---- Given data

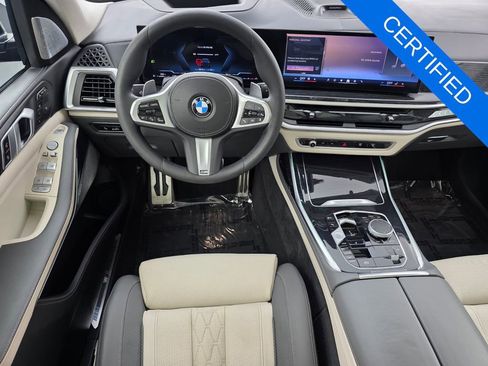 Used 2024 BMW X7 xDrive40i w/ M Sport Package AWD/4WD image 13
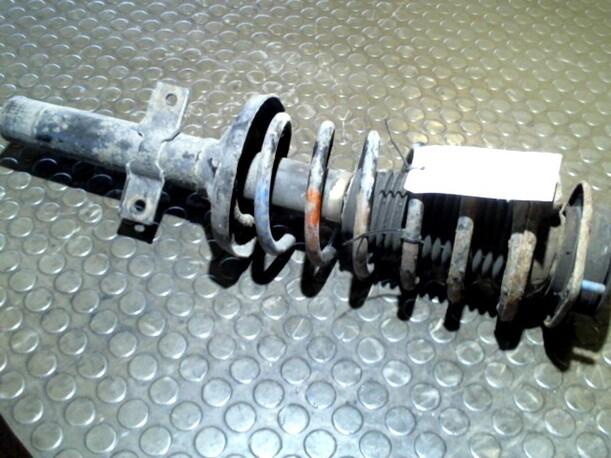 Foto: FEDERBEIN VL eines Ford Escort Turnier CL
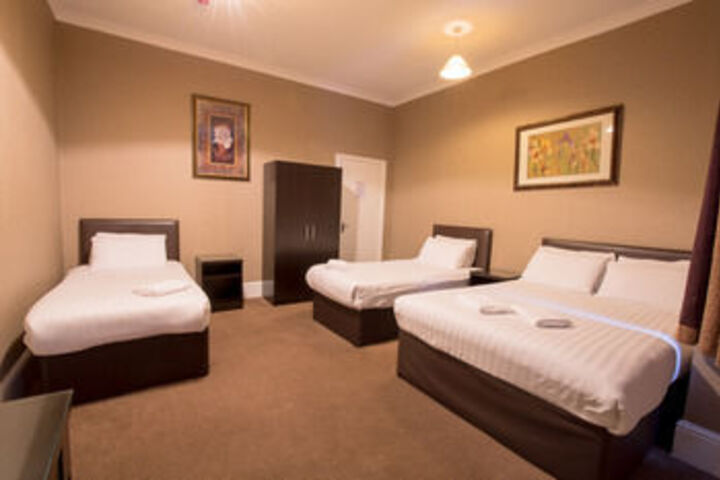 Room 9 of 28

--------
---- Given data

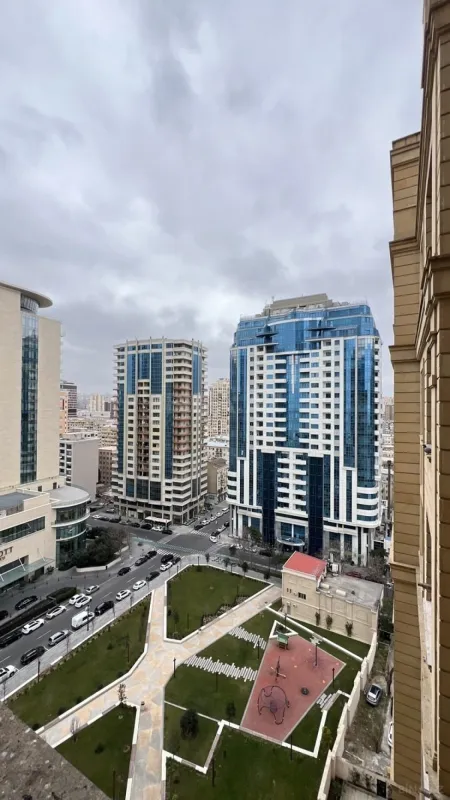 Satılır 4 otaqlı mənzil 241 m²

--------
---- Given data

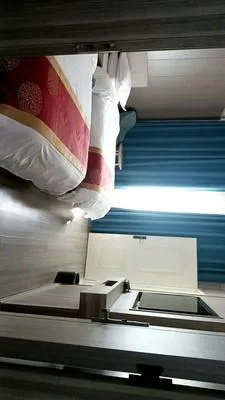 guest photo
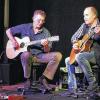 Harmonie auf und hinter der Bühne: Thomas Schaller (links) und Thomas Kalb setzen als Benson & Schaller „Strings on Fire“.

--------

Your instructions – Leaving pictures out, output the lines of the data above from the one with "Used 2024 BMW" through the one with "Room 9 of 28", word for word.

Completed task –
 Used 2024 BMW X7 xDrive40i w/ M Sport Package AWD/4WD image 13
 Foto: FEDERBEIN VL eines Ford Escort Turnier CL
 Room 9 of 28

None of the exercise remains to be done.